> [Task goal]:
Your output should be everything below from the line containing "more Прямоугольный обеденный" down to the line containing "Owl Wearing Party", both ends included, copied exactly, with pictures left out.

> [Material provided]:
§
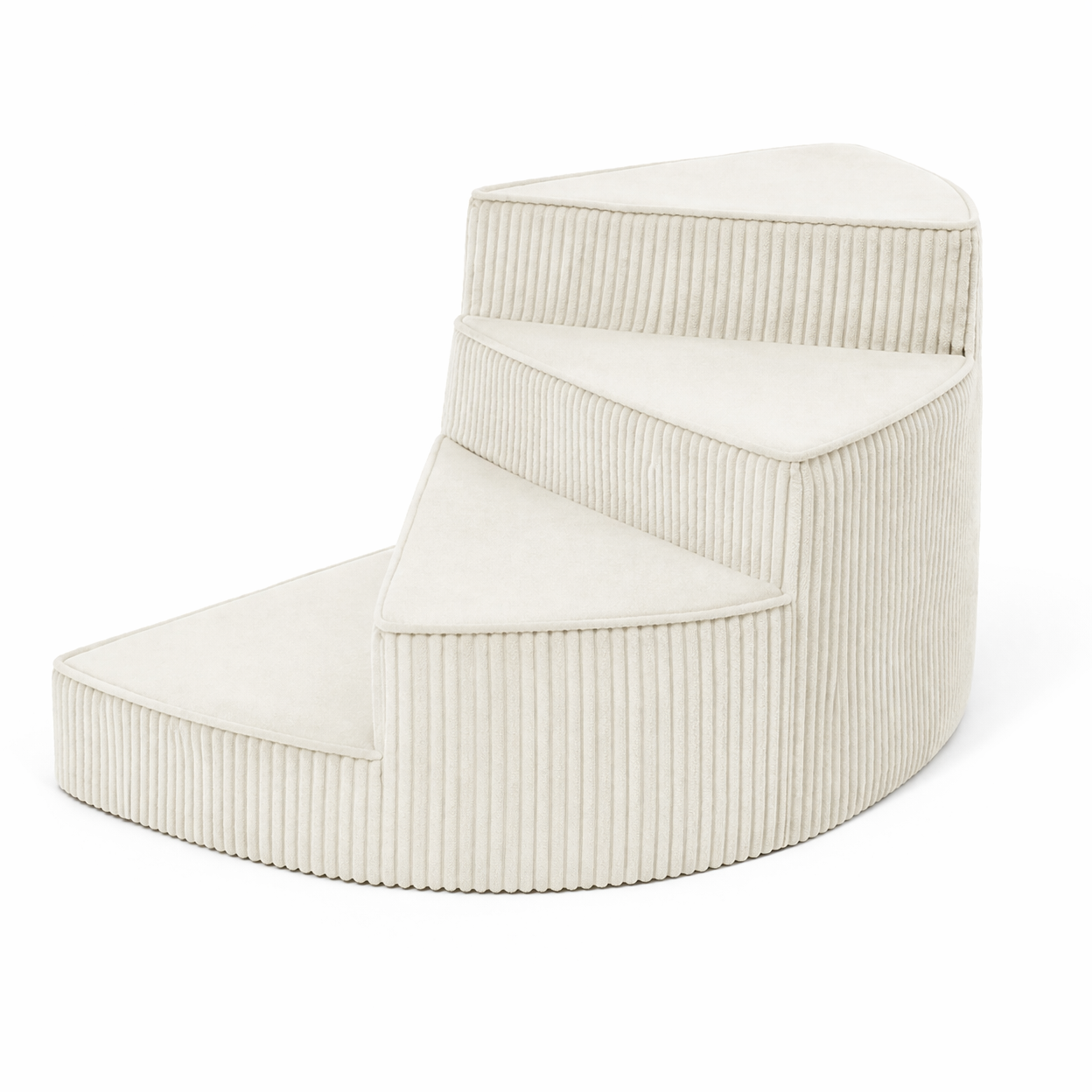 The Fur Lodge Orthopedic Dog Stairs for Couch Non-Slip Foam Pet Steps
§
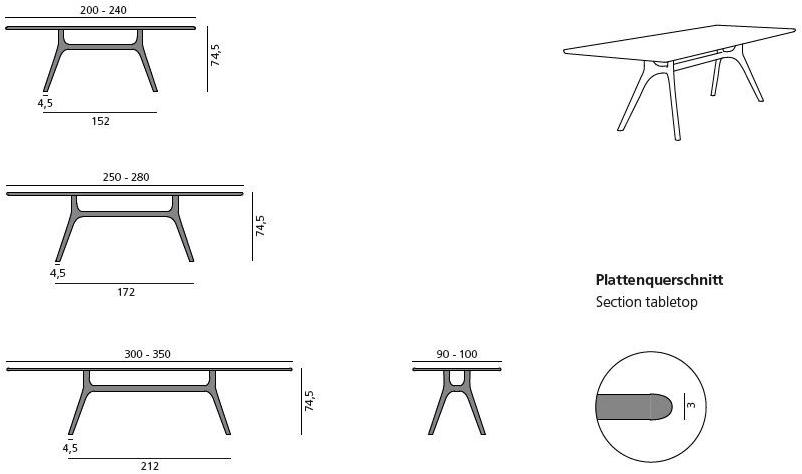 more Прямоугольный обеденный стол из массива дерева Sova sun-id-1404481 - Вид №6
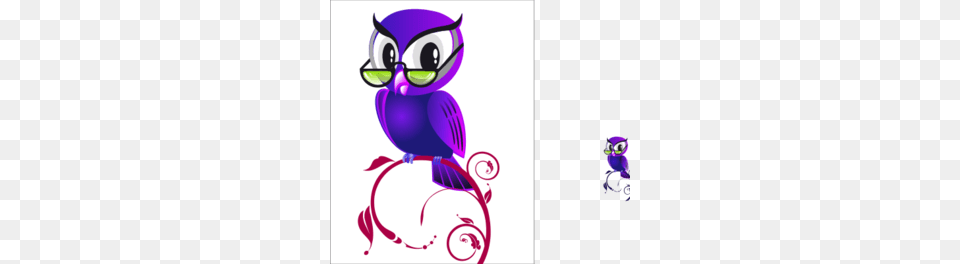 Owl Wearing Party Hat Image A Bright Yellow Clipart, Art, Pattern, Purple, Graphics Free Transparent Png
§
> [Final answer]:
 more Прямоугольный обеденный стол из массива дерева Sova sun-id-1404481 - Вид №6
 Owl Wearing Party Hat Image A Bright Yellow Clipart, Art, Pattern, Purple, Graphics Free Transparent Png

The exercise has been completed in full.